RE: "Native Kubernetes" sample in Flink documentation fails. JobManager Web Interface is wrongly generated. [Flink 1.14.4]

Posted by Burcu Gul POLAT EGRI <be...@sdt.com.tr>.
Thank you, I have tried the first suggestion and the sample job executed successfully (last executed command is like below).

But I have another question. After executing the below command, a new task manager pod is created as expected but it is not removed automatically after the execution completed. Actually, for native kubernetes, I expect that the task manager pod should disappear after job completion.
Do you have any comment for this? Are there any other configuration for task manager pod removal?


./bin/flink run --target kubernetes-session -Dkubernetes.service-account=flink-service-account -Dkubernetes.rest-service.exposed.type=NodePort -Dkubernetes.cluster-id=dproc-example-flink-cluster-id -Dkubernetes.namespace=sdt-dproc-flink-test -Dkubernetes.config.file=/home/devuser/.kube/config examples/batch/WordCount.jar

Best regards,
Burcu

From: Yang Wang [mailto:danrtsey.wy@gmail.com]
Sent: Saturday, March 26, 2022 7:48 AM
To: Burcu Gul POLAT EGRI <be...@sdt.com.tr>
Cc: user@flink.apache.org
Subject: Re: "Native Kubernetes" sample in Flink documentation fails. JobManager Web Interface is wrongly generated. [Flink 1.14.4]
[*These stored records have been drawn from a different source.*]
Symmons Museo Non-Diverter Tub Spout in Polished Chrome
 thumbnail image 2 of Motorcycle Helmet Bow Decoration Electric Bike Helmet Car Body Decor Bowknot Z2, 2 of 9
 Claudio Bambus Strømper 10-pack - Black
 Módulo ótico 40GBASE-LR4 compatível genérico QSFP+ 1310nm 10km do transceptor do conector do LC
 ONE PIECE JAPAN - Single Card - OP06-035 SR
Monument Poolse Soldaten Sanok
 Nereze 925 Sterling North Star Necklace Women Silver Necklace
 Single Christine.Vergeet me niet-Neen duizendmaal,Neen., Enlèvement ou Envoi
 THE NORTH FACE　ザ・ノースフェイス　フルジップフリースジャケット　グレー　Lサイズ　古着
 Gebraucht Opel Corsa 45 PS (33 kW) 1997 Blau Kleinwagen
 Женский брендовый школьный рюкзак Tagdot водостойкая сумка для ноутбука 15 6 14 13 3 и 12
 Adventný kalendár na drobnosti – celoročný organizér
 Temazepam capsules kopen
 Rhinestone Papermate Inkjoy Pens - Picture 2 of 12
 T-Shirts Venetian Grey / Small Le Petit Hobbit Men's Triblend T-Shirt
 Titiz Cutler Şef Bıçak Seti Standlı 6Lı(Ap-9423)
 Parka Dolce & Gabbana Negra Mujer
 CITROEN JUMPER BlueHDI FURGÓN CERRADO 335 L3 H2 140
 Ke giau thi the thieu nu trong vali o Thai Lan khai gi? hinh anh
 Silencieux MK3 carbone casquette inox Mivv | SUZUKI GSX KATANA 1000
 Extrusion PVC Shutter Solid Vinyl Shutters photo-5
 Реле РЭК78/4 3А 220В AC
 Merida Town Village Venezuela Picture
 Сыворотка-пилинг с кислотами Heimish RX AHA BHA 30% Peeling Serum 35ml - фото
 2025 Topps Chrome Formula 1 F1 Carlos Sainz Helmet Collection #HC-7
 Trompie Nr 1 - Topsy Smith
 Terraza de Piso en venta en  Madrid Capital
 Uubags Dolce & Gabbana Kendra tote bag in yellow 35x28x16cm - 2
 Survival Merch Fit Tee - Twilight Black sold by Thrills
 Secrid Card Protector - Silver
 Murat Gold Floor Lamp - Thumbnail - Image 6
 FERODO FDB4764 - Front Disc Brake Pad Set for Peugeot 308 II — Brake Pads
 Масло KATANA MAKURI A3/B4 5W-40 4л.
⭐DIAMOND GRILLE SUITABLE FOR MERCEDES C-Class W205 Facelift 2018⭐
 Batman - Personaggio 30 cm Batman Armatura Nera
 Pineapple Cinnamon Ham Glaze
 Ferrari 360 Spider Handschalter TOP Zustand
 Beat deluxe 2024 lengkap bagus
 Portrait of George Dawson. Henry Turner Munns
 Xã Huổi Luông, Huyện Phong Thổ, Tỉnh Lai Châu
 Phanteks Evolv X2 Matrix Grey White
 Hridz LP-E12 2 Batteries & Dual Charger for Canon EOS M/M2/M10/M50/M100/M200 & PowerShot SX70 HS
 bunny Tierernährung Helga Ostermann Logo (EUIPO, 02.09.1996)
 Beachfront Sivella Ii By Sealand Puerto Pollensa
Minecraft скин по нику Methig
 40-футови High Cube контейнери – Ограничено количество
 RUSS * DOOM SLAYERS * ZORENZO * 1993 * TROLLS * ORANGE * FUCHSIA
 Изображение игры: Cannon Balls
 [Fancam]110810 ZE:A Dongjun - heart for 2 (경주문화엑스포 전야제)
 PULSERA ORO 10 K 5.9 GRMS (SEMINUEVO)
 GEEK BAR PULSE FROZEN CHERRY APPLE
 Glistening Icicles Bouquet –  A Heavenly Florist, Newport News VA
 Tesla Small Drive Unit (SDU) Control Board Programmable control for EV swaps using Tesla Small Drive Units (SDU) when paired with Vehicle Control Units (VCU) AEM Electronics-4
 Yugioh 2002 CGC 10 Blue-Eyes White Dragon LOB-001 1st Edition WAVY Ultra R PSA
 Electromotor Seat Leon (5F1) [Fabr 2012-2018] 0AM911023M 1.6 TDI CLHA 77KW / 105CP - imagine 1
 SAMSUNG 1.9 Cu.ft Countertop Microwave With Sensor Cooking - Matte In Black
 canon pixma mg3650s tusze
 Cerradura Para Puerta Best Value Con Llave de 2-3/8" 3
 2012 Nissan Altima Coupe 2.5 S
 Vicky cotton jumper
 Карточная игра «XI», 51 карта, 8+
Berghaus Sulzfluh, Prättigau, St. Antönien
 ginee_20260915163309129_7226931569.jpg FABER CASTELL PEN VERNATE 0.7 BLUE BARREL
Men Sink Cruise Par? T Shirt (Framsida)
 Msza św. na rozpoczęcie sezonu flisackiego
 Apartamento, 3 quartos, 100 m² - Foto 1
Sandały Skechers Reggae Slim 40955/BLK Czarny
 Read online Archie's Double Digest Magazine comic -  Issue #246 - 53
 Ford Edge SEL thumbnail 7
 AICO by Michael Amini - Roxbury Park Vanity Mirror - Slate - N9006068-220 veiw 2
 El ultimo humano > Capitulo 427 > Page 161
The root cause might be the LoadBalancer could not really work in your environment. We already have a ticket to track this[1] and will try to get it resolved in the next release.

For now, could you please have a try by adding "-Dkubernetes.rest-service.exposed.type=NodePort" to your session and submission commands?

Maybe you are also interested in the new flink-kubernetes-operator project[2]. It should make it easier to run a Flink application on the K8s.

[1]. https://issues.apache.org/jira/browse/FLINK-17231
[2]. https://github.com/apache/flink-kubernetes-operator

Best,
Yang

Burcu Gul POLAT EGRI <be...@sdt.com.tr>> 于2022年3月25日周五 21:39写道:

I am getting the following error when I try to execute sample at Flink documentation - Native Kubernetes<https://nightlies.apache.org/flink/flink-docs-release-1.14/docs/deployment/resource-providers/native_kubernetes/>.

I have succedded to execute the first command in documentation by adding some extra parameters with the help of this post<https://cloudolife.com/2020/12/12/Cloud-Native/BIg-Data/Flink/Deploy-a-Apache-Flink-session-cluster-natively-on-Kubernetes-K8S/>.

user@local:~/flink-1.14.4$<mailto:user@local:~/flink-1.14.4$> ./bin/kubernetes-session.sh \

-Dkubernetes.cluster-id=dproc-example-flink-cluster-id \

-Dtaskmanager.memory.process.size=4096m \

-Dkubernetes.taskmanager.cpu=2 \

-Dtaskmanager.numberOfTaskSlots=4 \

-Dresourcemanager.taskmanager-timeout=3600000 \

-Dkubernetes.namespace=sdt-dproc-flink-test \

-Dkubernetes.config.file=/home/devuser/.kube/config \

-Dkubernetes.jobmanager.service-account=flink-service-account

After executing above command, I have listed the new pod like below.

user@local:~/flink-1.14.4$<mailto:user@local:~/flink-1.14.4$> kubectl get pods

NAME                                             READY   STATUS    RESTARTS   AGE

dproc-example-flink-cluster-id-68c79bf67-mwh52   1/1     Running   0          1m

Then, I have executed the below command to submit example job.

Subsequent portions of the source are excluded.